**AIM OF THE TASK**
Starting at the first line of the entries below, please return exactly each line up to and including the one with "un pendentif en forme de bague en or et jade"; pictures stay out.

(Pictures with short captions)
================
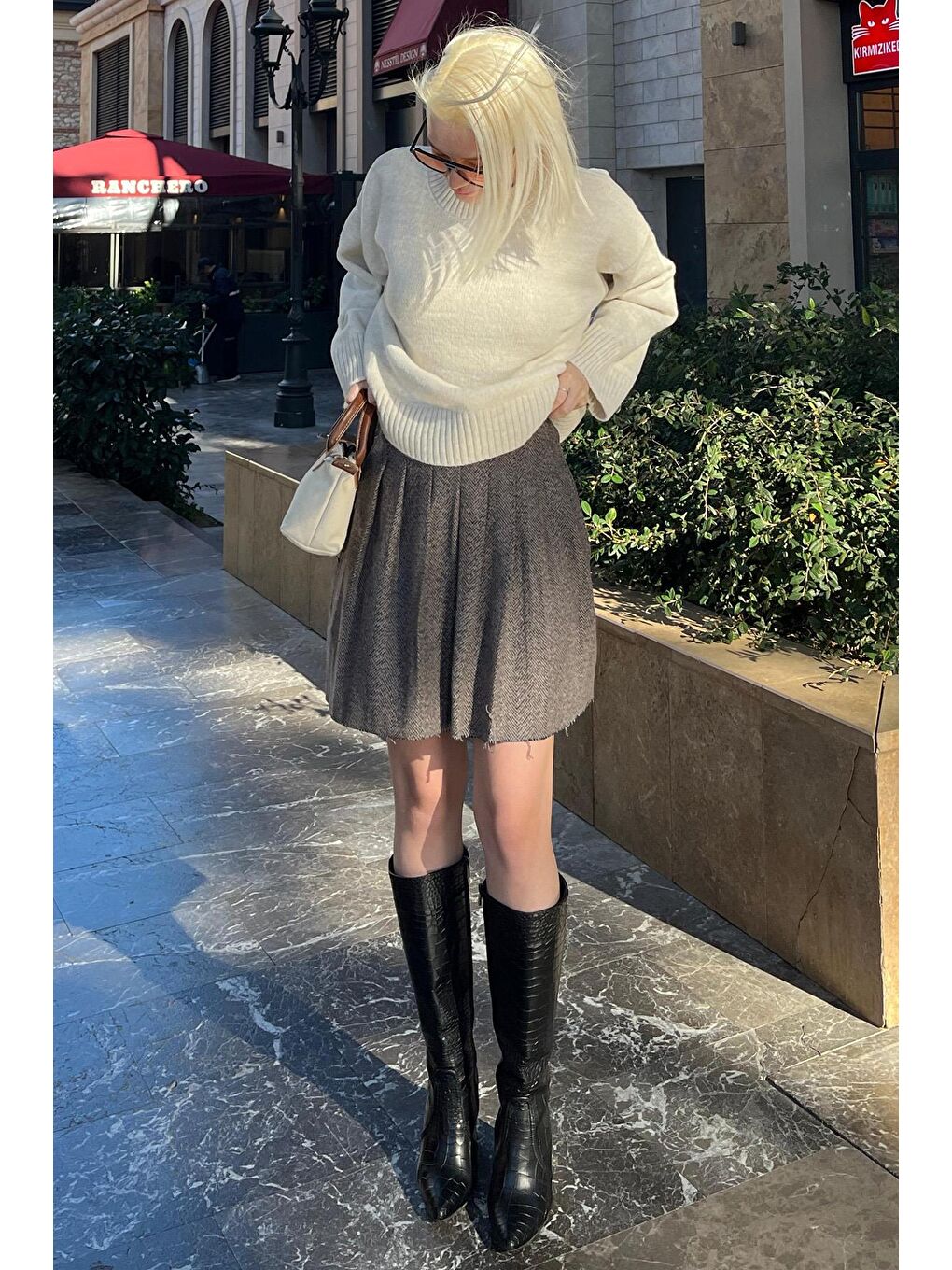 Bej Ekose Desen Kadın Pileli Etek Mg2248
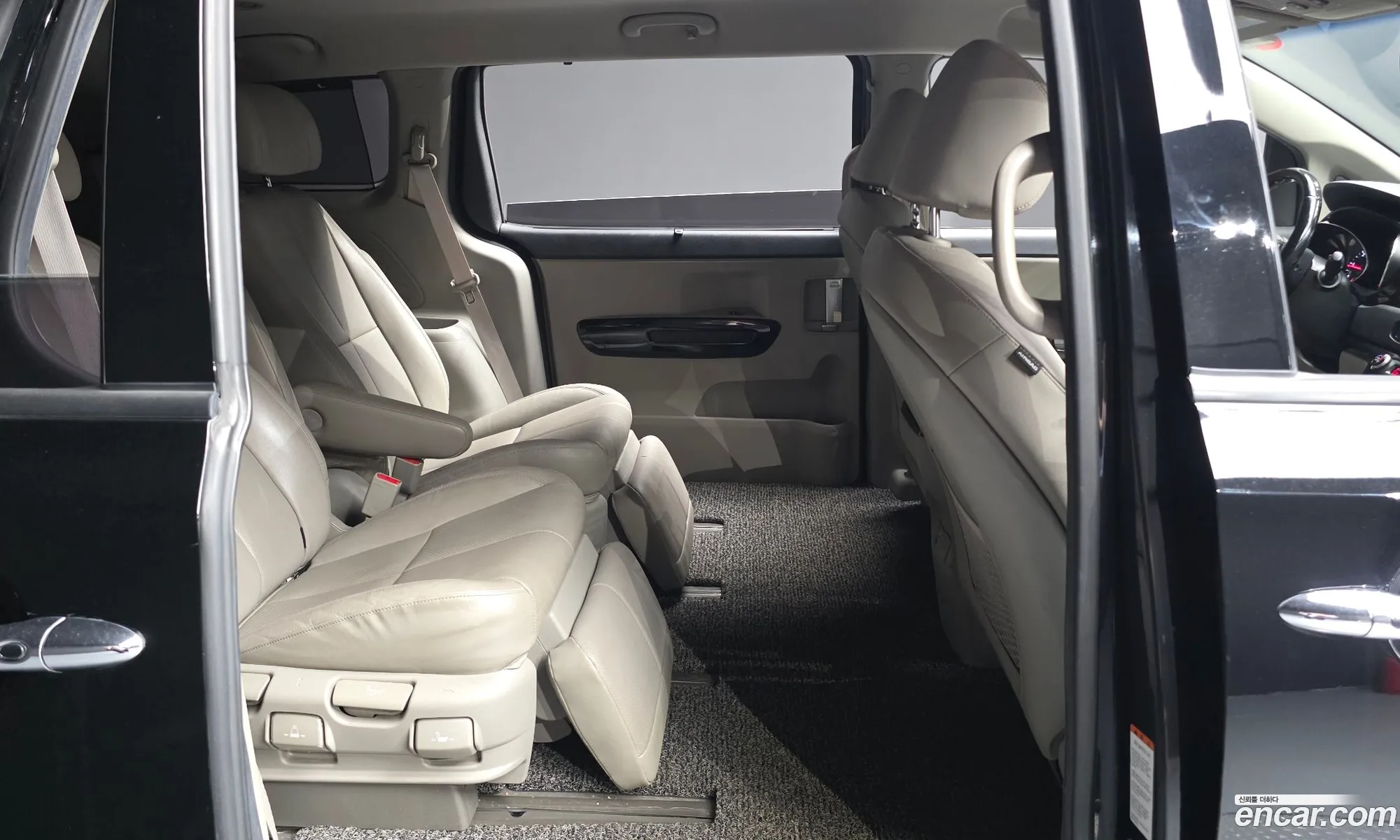 Kia Carnival 2018 KNAMB81ABKS447147 — 2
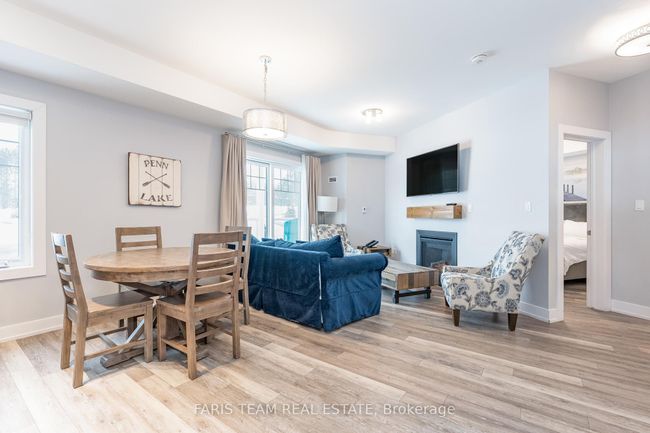 218 - 25 Pen Lake Point Rd, Condo with 1 bedrooms, 1 bathrooms and 2 parking in Huntsville ON | Image 7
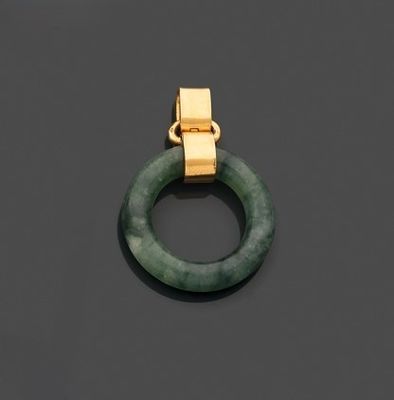 un pendentif en forme de bague en or et jade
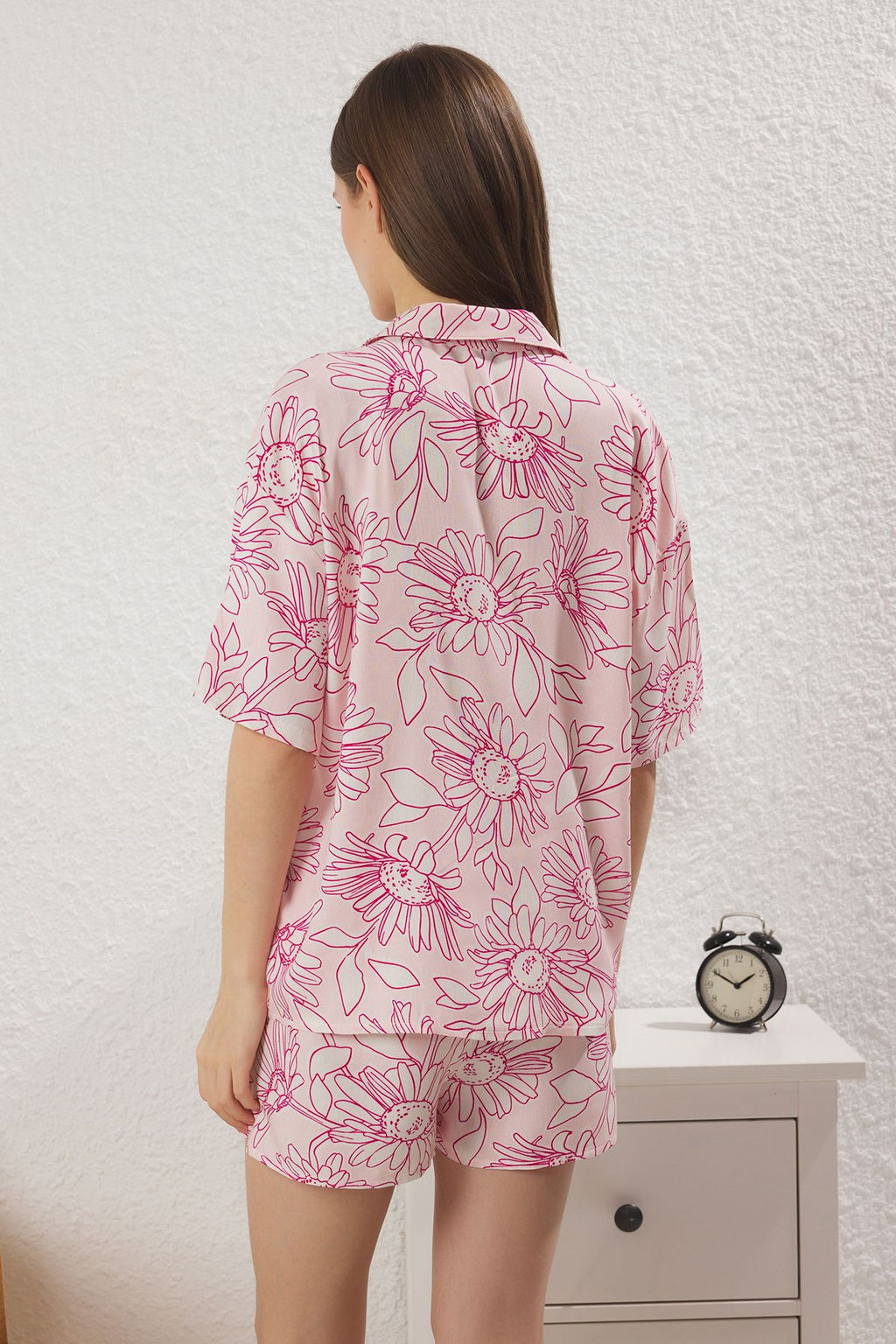 Trendyolmilla Pembe Cicekli Viskon Sortlu Dokuma Pijama Tak?m? THMSS25PT00305  фото 4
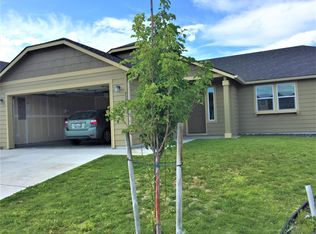 9392 W 6th Pl, Kennewick, WA 99336
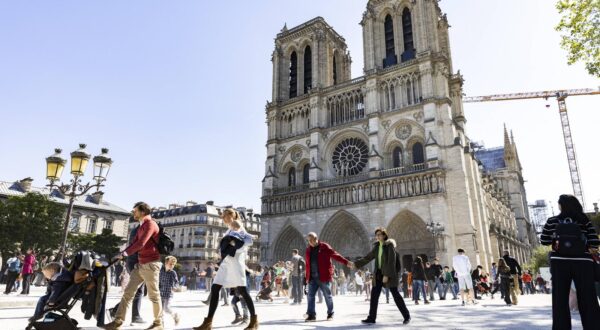 View from the Cathedral Notre-Dame de Paris, as part of Good Friday celebrations, in Paris on April 18, 2025. Photo by Jeremy Paoloni/ABACAPRESS.COM Photo: Paoloni Jeremy/ABACA/ABACA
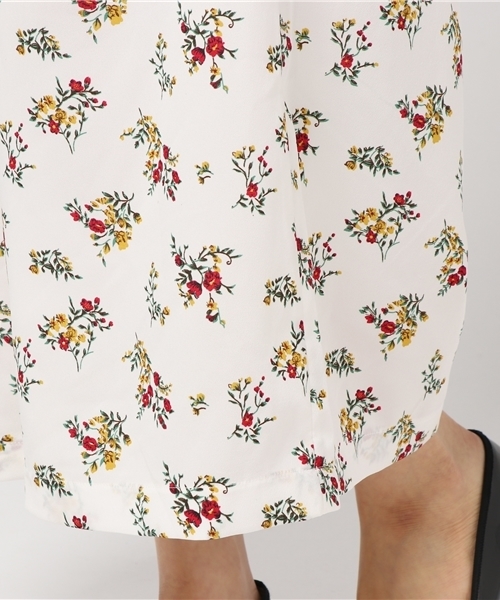 LBC（エルビーシー）の「花柄プリントイージーパンツ  （その他パンツ・レディース・ホワイト/イエロー/ブラック・LARGE/MEDIUM）」の7枚目の写真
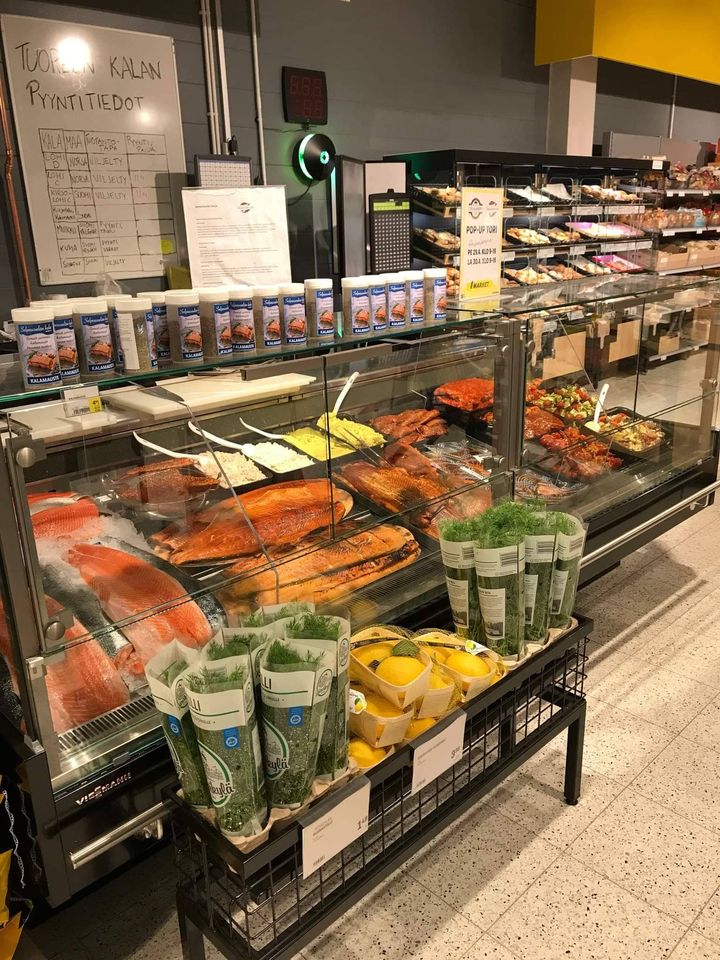 Sysmän S-marketissa sijaitseva, jo viime kesästä tuttu Salpausselän Kalan pop up -tiski täydentyy nyt lahtelaisen Lihasammon tuotteilla.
================
**SOLUTION TO THE PROBLEM**
 Bej Ekose Desen Kadın Pileli Etek Mg2248
 Kia Carnival 2018 KNAMB81ABKS447147 — 2
 218 - 25 Pen Lake Point Rd, Condo with 1 bedrooms, 1 bathrooms and 2 parking in Huntsville ON | Image 7
 un pendentif en forme de bague en or et jade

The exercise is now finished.